(RECORD EXTRACTS):
────────────────────

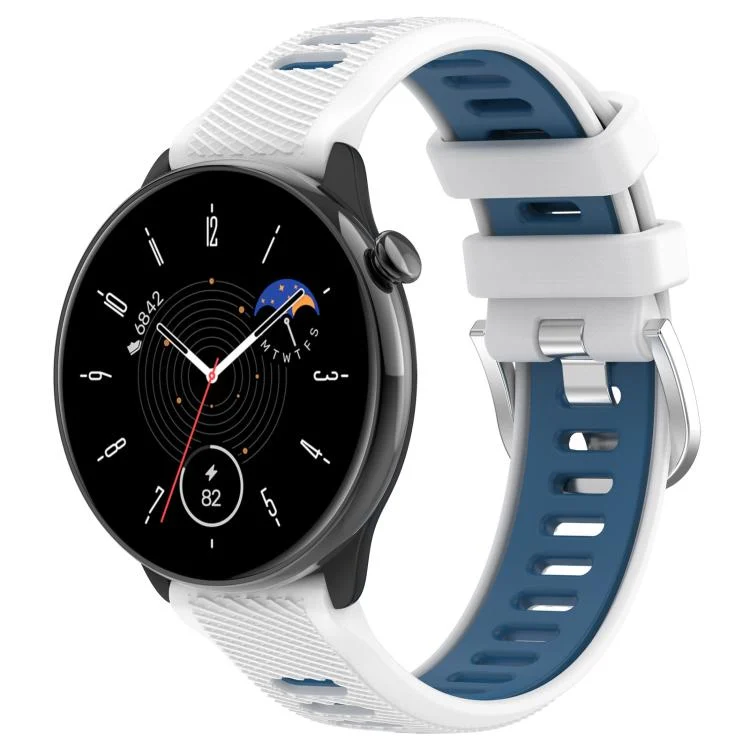 20mm Cross Texture Two Color Silicone Steel Buckle Watch Band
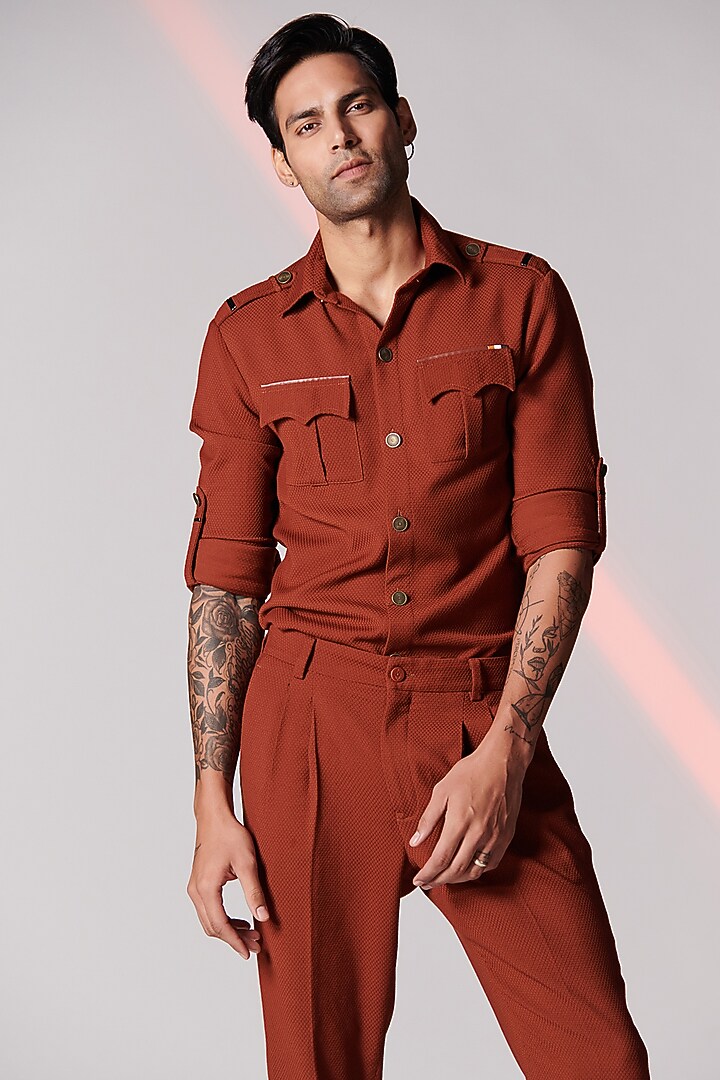 Rust Terylene Cargo Party Wear Shirt by S&N by Shantnu Nikhil Men at Pernia's Pop Up Shop
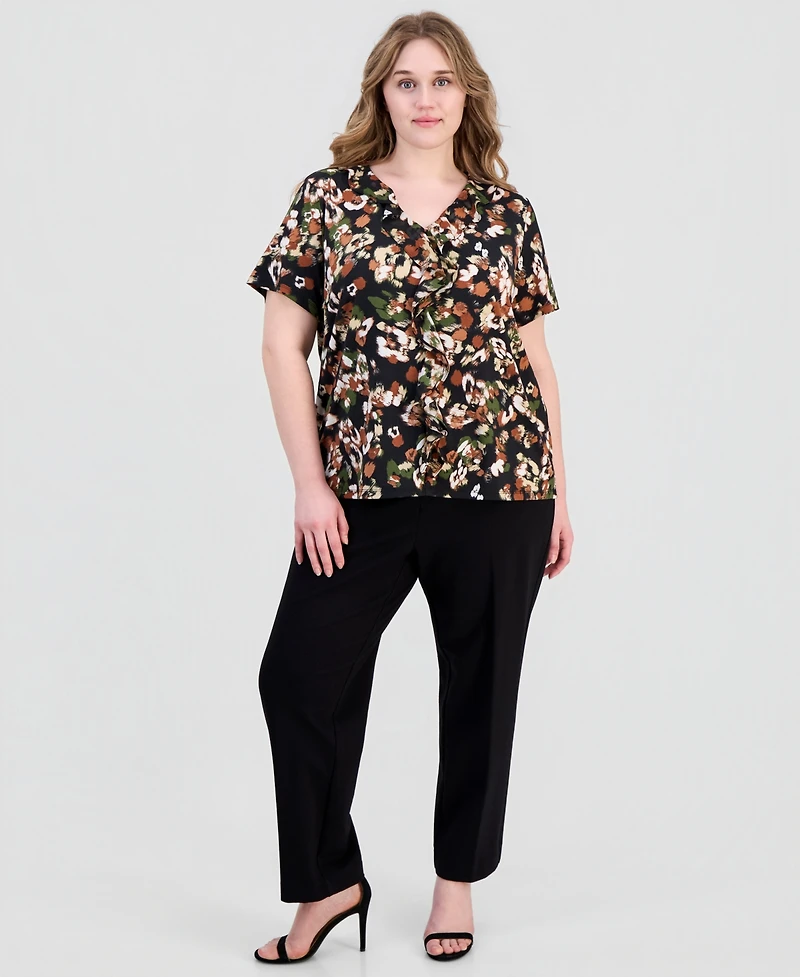Anne Klein Essentials Plus Printed Ruffled V-Neck Top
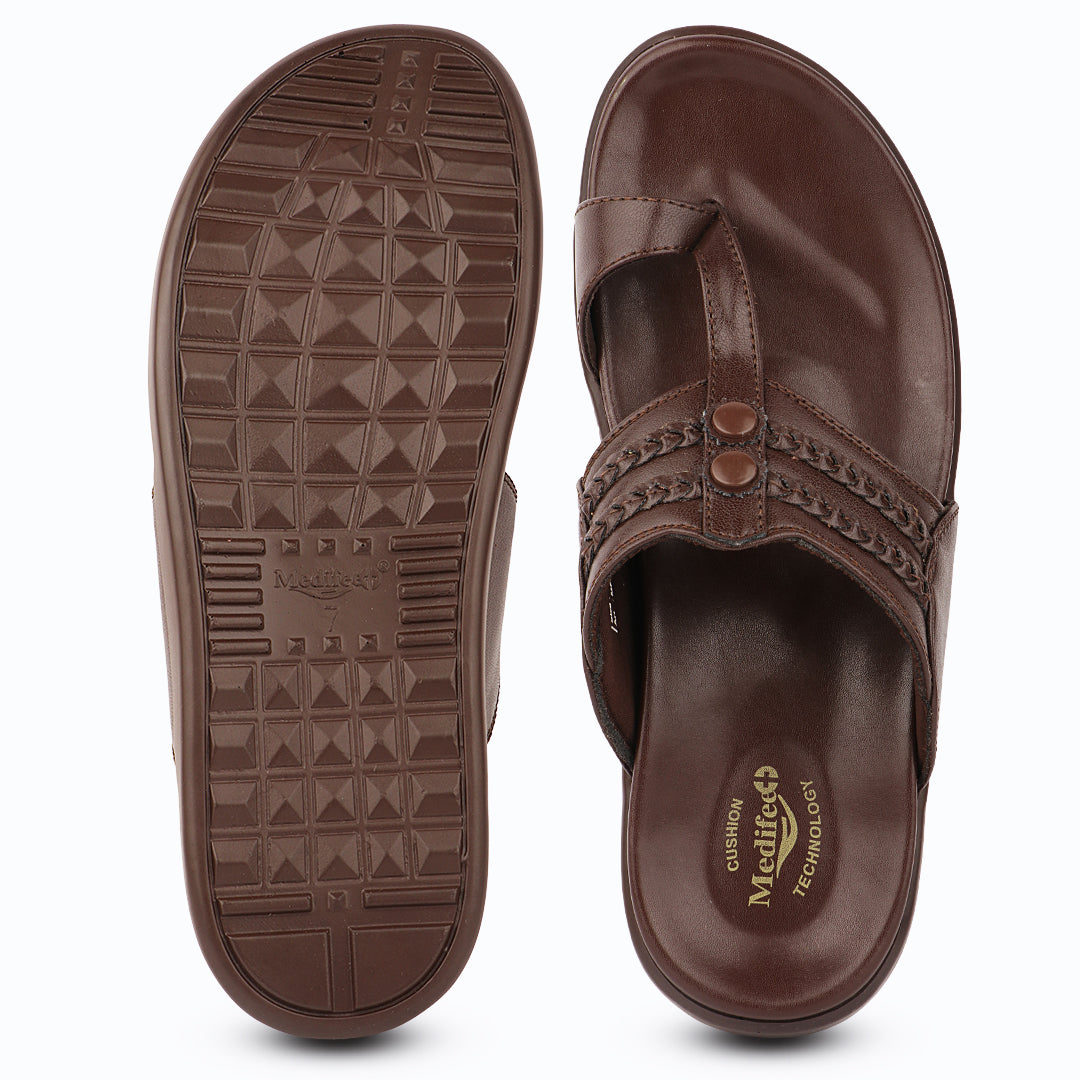 Medifeet Men’s Ethnic Comfort Sandals with Arch Support – All-Day Walking Slippers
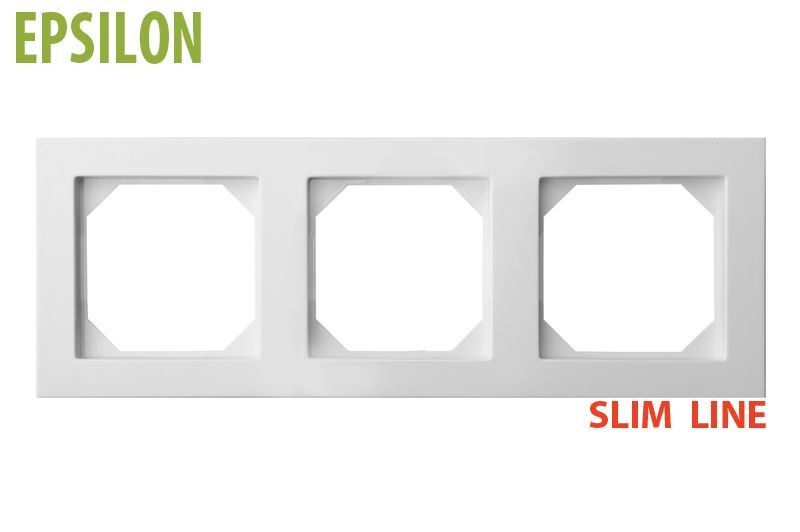 Рамка Трехместная Белая SLIM (Универсальный Монтаж) LIREGUS EPSILON 28-0423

────────────────────

(REQUIRED ACTION): Each record must be repeated verbatim, and no picture may appear in the copy.

(SOLUTION):
 20mm Cross Texture Two Color Silicone Steel Buckle Watch Band
 Rust Terylene Cargo Party Wear Shirt by S&N by Shantnu Nikhil Men at Pernia's Pop Up Shop
Anne Klein Essentials Plus Printed Ruffled V-Neck Top
 Medifeet Men’s Ethnic Comfort Sandals with Arch Support – All-Day Walking Slippers
 Рамка Трехместная Белая SLIM (Универсальный Монтаж) LIREGUS EPSILON 28-0423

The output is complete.